One thong to think about is the health of the top end. GM royaly screwed up with the ventilation system of the heads via the valve covers. Specifically the head under the windshield. It is so poorly vented that it causes heavy baked oil residue to build up under the value cover. This condition has destroyed many engines. If possible, have the seller of the engine remove the valve covers and take pictures of the cams and valve springs. That will give you a good idea of the condition of the engine, more so than just the mileage. Then during your engine swap, install proper valve cover ventilation.


The LFX shouldn't have a problem with the top end, actually none of the second generation 3.6L motors do except where poor quality oil has been used, or where it has not been changed faithfully. The potential trouble was caused by the PCV system which appears to have been addressed in the LFX. The PCV valve would clog early on which was corrected by changing the size of the metering holes and at some point revamping the system.

The right bank which will be easy to access in the rear of the Fiero, is poorly ventilated and actually not at all because a partition separates the PCV outlet area from the valve area of the head and no air moves over it allowing combustion contaminants more time to settle. You can see in the picture below that the right cylinder head has a slight tan compared to the left, but nothing threatening at all because of 3k mile full synthetic oil changes.

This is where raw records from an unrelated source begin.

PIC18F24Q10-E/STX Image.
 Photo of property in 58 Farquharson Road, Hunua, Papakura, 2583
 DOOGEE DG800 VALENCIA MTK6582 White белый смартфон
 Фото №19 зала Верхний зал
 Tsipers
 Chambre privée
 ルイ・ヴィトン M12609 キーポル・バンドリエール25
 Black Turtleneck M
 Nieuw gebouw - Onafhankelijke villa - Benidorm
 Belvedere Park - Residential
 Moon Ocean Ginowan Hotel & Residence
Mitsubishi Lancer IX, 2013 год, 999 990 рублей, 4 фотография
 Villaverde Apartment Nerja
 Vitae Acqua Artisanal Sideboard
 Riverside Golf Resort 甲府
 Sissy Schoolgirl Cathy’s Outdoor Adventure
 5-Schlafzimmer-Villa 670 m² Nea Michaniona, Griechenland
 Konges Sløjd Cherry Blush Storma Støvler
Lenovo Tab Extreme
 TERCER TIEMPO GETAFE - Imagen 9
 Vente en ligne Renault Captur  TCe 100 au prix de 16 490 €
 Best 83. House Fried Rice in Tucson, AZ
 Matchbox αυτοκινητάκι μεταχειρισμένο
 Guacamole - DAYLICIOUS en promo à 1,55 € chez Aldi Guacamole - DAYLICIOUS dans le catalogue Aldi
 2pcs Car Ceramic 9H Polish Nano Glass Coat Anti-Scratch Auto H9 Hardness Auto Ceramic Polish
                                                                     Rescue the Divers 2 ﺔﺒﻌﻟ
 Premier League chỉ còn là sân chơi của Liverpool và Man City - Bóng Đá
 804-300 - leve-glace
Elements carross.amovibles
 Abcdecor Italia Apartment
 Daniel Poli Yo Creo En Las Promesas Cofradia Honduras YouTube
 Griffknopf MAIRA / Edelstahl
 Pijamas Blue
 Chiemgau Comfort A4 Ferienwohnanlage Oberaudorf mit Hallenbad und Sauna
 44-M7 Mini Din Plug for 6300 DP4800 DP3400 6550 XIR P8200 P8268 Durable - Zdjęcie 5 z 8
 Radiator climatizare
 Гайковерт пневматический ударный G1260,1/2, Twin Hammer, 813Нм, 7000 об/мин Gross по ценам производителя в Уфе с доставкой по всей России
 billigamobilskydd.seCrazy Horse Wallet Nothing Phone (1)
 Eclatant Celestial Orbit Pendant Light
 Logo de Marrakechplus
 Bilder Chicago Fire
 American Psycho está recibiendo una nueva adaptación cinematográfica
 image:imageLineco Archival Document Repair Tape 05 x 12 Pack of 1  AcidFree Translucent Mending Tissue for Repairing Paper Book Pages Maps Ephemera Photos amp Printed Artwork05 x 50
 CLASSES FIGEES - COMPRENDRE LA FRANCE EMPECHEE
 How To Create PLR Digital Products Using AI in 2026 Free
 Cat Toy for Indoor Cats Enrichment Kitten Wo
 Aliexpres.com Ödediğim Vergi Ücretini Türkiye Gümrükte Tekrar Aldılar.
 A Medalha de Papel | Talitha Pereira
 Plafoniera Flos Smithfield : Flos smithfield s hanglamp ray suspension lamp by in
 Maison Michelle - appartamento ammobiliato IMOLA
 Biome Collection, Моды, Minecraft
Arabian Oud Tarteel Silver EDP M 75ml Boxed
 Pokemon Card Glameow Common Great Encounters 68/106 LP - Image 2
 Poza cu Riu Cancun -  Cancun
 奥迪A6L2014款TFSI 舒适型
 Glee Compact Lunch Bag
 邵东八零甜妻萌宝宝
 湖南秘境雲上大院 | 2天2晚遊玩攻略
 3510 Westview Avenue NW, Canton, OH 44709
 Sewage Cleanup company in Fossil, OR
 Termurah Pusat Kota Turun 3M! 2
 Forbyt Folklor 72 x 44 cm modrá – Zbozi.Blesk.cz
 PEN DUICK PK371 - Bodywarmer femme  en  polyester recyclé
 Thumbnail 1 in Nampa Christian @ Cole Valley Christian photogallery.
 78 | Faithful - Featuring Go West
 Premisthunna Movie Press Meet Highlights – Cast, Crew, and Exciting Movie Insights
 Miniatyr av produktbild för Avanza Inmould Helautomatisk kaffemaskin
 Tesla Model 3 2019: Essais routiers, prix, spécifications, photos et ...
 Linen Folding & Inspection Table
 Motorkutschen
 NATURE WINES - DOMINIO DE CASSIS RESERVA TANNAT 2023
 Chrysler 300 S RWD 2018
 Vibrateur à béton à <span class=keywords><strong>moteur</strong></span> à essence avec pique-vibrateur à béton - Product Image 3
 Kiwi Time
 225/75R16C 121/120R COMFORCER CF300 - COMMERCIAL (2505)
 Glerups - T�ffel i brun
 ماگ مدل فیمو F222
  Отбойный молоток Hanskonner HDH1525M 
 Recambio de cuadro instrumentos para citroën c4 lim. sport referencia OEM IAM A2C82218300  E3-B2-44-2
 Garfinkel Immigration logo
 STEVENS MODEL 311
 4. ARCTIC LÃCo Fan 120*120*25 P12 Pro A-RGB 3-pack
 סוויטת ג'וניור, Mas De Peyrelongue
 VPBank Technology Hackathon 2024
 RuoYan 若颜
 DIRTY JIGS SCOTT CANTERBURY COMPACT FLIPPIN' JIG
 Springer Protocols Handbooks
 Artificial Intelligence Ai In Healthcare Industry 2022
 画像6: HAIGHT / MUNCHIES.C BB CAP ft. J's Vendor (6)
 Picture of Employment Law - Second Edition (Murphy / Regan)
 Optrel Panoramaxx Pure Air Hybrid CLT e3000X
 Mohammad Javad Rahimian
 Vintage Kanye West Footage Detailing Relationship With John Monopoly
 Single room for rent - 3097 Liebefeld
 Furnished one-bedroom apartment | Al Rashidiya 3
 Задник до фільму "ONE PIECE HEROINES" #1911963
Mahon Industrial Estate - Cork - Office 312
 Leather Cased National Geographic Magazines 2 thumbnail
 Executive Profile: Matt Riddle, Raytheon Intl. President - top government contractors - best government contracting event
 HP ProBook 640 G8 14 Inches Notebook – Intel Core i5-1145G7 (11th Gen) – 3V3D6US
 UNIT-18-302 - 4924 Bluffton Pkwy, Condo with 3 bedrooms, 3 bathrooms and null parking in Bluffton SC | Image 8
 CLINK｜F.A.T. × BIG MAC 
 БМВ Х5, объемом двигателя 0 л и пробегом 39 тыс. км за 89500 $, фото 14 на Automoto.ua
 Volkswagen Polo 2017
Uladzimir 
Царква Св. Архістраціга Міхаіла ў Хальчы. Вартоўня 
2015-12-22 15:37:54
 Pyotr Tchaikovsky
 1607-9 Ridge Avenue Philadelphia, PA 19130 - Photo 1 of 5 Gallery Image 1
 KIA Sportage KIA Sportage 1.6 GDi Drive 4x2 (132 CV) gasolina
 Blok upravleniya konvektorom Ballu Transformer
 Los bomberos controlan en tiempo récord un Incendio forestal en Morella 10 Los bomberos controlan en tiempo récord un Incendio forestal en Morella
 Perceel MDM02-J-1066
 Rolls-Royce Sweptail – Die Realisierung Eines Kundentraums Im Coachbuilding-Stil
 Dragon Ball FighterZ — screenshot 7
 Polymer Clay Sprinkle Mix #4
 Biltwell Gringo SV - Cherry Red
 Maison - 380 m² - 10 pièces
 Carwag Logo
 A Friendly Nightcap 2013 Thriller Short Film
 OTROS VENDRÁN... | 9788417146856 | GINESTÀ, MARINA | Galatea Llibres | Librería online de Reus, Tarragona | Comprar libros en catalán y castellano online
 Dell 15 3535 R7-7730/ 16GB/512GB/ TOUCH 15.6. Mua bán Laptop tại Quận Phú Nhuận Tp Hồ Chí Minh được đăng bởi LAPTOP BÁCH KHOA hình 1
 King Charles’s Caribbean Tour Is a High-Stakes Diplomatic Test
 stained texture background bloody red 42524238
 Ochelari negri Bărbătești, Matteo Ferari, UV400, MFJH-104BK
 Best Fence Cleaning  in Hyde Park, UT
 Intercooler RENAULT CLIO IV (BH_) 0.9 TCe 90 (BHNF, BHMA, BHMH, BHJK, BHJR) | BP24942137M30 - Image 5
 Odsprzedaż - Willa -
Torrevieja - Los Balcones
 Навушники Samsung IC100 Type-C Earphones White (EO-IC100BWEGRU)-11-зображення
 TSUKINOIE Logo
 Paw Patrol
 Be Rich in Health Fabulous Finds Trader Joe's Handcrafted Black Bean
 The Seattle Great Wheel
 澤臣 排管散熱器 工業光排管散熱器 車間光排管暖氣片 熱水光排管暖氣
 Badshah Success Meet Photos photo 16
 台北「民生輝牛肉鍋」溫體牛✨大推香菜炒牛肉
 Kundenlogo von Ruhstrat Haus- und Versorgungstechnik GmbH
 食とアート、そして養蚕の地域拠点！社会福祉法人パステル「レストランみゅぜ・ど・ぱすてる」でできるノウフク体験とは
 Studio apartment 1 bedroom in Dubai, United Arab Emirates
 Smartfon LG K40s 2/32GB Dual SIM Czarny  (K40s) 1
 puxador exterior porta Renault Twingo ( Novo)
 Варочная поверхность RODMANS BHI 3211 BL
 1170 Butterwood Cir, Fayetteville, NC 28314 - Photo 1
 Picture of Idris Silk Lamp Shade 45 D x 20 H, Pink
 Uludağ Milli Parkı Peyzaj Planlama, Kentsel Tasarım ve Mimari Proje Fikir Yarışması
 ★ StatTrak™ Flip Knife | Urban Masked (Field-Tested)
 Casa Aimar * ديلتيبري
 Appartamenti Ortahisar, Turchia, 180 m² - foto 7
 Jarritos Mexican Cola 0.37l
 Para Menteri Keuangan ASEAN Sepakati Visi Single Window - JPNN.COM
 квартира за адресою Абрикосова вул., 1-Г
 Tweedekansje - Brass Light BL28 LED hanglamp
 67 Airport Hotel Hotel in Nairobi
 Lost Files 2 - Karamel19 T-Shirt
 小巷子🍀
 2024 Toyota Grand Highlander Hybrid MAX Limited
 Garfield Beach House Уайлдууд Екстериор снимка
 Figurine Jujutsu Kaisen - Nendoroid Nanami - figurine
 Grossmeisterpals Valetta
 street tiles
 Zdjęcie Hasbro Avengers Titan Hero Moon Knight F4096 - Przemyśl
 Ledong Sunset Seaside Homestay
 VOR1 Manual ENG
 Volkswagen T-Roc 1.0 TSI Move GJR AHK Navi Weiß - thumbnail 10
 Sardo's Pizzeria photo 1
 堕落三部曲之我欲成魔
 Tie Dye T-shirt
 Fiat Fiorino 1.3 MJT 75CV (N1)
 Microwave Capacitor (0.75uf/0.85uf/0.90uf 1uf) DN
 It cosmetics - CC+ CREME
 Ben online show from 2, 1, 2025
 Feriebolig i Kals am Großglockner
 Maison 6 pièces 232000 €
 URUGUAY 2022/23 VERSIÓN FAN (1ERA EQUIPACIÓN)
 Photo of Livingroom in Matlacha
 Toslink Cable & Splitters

Engines were ruined early on because some motors consumed oil and an engine like that in the hands of an owner that didn't realize they needed to check the oil level routinely, often ended up too many quarts low by the time the oil life monitor came on approaching 12k miles. If you run this motor low on oil, it will not likely run long after you correct the oil level before it comes apart. If the motor is from a car that calls for Full synthetic, there will be nothing unusual under the valve cover.

As for the fuel pump, you'll need to adapt the modular pump, or supply a 60 psi feed to the high pressure pump.

The best source for modification possibilities will be on the Camaro forums dedicated to the 3.6L generation cars. The days of easy swaps are gone, the computer systems are a potential nightmare especially in the Cadillac if you make one little mistake. It will be interesting to see what challenges are encountered during the swap process of these motors into the Fiero. Once successful, you'll have a heck of a performer.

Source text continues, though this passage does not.